Missouri Correspondent

 

KANSAS CITY, Mo. — Farm groups last week joined the federal departments of Agriculture and Commerce to praise the Trans-Pacific Partnership (TPP), as the U.S. Trade Representative and White House continued pushing for what would be the world’s biggest free trade agreement to date.

Leaders from the largest corn, soybean, wheat, beef and pork producer groups joined USDA administrators to praise the TPP Nov. 11, at the National Assoc. of Farm Broadcasting annual convention in Kansas City. "We all want the same thing: more American agricultural products on dinner tables around the world," said Chip Bowling, president, National Corn Growers Assoc.

Grain farmers see potential for increased exports in the TPP, which would reduce tariffs on U.S. grains in Malaysia and Vietnam. U.S. Grains Council President Phil Karsting called Vietnam "the fastest-growing feed grain market in the world," citing growing middle class consumer demand for meat and eggs from animals fed U.S. grain.

Pork and beef groups are also eying South Asia markets, citing the TPP’s framework for reducing protectionist trade barriers in Japan. U.S. pork stands to gain market share in Japan, under TPP language, according to National Pork Producers Council analysis.

Wade Cowan, American Soybean Assoc. president, said the TPP will face a challenge in Congress, where members of both parties have expressed opposition or skepticism about the deal.

"We’ve seen climates like this before, complete with political polarization and the added stress of an election year, but even in those times we’ve still managed to put together a coalition of industries and congressional allies to move beneficial packages through," he said.

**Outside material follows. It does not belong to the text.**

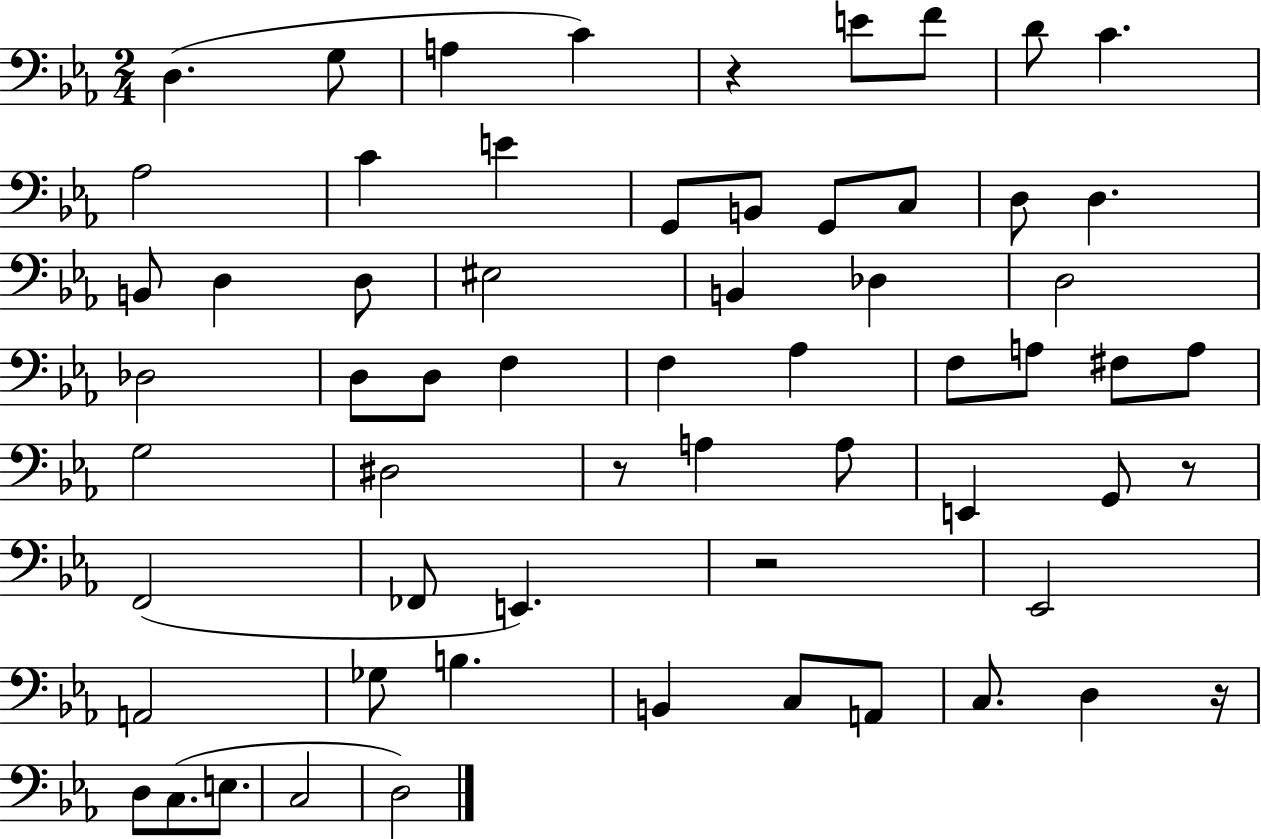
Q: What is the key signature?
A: EES major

The TPP is supported by the largest farm and commodity groups, including the American Farm Bureau Federation. But some agricultural and rural interests, like the National Farmers Union, have spoken against the deal.

All three Democratic presidential candidates also oppose TPP, citing fears over American job loss. Bernie Sanders has issued sharper criticism of the deal than Hillary Clinton, who in October said she opposed the deal. They and other Democrats have distanced themselves from President Barack Obama’s push for TPP, citing fears of potential U.S. job losses, in some sectors.

"I disagree with their conclusion," said Commerce Secretary Penny Pritzker last Thursday. "Our companies need to have access to those markets to remain globally competitive."

The Department of Commerce released state-by-state estimates of the economic benefits of TPP. Indiana, for example, exported $20.2 billion in products to potential TPP partners in 2014 – 57 percent of the state’s exports. About one-quarter of that are agricultural exports, according to the USDA.

U.S. Trade Ambassador Michael Froman indicated the executive branch will continue its push for TPP as Congress considers the 30-chapter deal, more than 2,000 pages long. "We’re doing everything in our domain to move the process forward," said Froman. "The President made clear he’d like to get this done as early as possible."

Farm equipment and other machinery manufacturers are an ag-related industry that could benefit from the deal, according to Froman. "These are countries that buy a lot of machinery," he said. "If we can tear down those tariffs, we can keep production here," instead of seeing jobs move to manufacturers in Asia, he said.

The TPP would reduce trade barriers in 12 economies bordering the Pacific Ocean: Australia, Brunei, Canada, Chile, Japan, Malaysia, Mexico, New Zealand, Peru, Singapore, the United States and Vietnam. The agreement also includes language requiring partners to adhere to certain labor and environmental requirements, as well as guidelines that could help more easily reconcile trade disagreements around biotechnology and plant and animal disease concerns.